Poor Fred kept saying he was glad of the rain because he needed cooling off. And he did, Journalette ~he was so red I thought he'd boil over! And I said wasn't it lucky that someone discovered us in time? But I only half meant it. That was the half that got the littlest bit scared to see my Fred so unlike himself. I remember thinking after, if he acts like that on our honeymoon I'll feel like I married the wrong man. But then there's another part of me ~oh I can't begin to explain it~ but there's another half that sort of likes the idea of being married to two men. Oh, I knew it would come out wrong if I tried to put it into words. It sounds so unchristian and unwholesome to think of it that way. But I don't know another way to say it. And I can't ask Mama, and I can't ask Anne.
Poor darling. I seen for a while now that her happiness was only ever painted on. At first I thought she might be missing that Phil-girl with the white piano and a coach with six horses and ice cream every day. Then I wondered if her visit to the little yellow cottage might account for it. Of course, I never mentioned Gilbert because I already knew how that would go. But the longer he was away the more puzzling Anne got to be, and when you look at it like that it makes a sort of sense. But the idea seemed almost too big for my head, and far too big to get out of my mouth, so I finally just decided Anne must be writing another story. She's been awfully star-gazy this summer, and got so vexed trying to find some apple tree that grew by itself in the woods. Well I never saw it, never even heard of it. And guessed it more likely that Anne had imagined it to life, the way she thought Averil was real.
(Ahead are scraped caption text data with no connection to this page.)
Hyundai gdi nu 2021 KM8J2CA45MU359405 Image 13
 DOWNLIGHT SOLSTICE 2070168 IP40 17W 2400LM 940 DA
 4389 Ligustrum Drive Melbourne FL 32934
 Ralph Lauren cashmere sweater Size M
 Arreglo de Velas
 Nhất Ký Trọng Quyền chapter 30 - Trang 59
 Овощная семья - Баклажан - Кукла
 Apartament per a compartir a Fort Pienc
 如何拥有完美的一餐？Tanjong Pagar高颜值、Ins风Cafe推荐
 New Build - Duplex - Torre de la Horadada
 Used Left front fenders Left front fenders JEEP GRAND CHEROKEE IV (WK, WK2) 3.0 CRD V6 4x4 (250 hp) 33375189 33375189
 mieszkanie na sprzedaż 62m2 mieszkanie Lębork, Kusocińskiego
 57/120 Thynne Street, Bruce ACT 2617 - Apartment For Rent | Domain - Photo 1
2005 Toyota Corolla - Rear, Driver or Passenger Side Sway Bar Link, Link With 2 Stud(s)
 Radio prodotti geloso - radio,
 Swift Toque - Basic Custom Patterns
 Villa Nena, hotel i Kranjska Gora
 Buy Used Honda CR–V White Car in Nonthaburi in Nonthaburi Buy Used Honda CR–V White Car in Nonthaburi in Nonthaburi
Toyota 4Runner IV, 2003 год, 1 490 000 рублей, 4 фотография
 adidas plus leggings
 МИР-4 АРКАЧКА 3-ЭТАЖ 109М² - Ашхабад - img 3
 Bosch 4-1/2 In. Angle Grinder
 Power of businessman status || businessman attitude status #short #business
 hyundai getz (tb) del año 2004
We were looking for that ghost tree again today and I wondered if maybe we'd find it after all, because what happened next seemed impossible to believe. She said, Diana, I have been an abomnoble friend. I was so taken aback I thought Anne was about to tell me she was set on wearing black to my wedding! But instead she told me that Gilbert Blythe had spoken. I saw then why she was glum, because she had her heart set on a romantic proposal and Gilbert must have asked for her hand in a letter. It was all so strange and all I could do was ask why.
This happened in April, Anne said, I didn't know how to tell you because I refused him. Then she added of course as though it was obvious. But it wasn't obvious to me. Or to Fred, or to Green Gables I expect, or anyone else in Avonlea. And surely not to Gilbert. That's when the worst thing came out of my mouth but it could have been horribler still. I am ashamed to say I felt like scolding her. I don't know why, except perhaps I do. And instead of saying something to Anne, I said, Poor Gil.
Then we got the closest to crossness we ever had in all our years together. She said, I don't love him, Diana, and don't tell me I don't know what love is (as if I would!) because I know I love you.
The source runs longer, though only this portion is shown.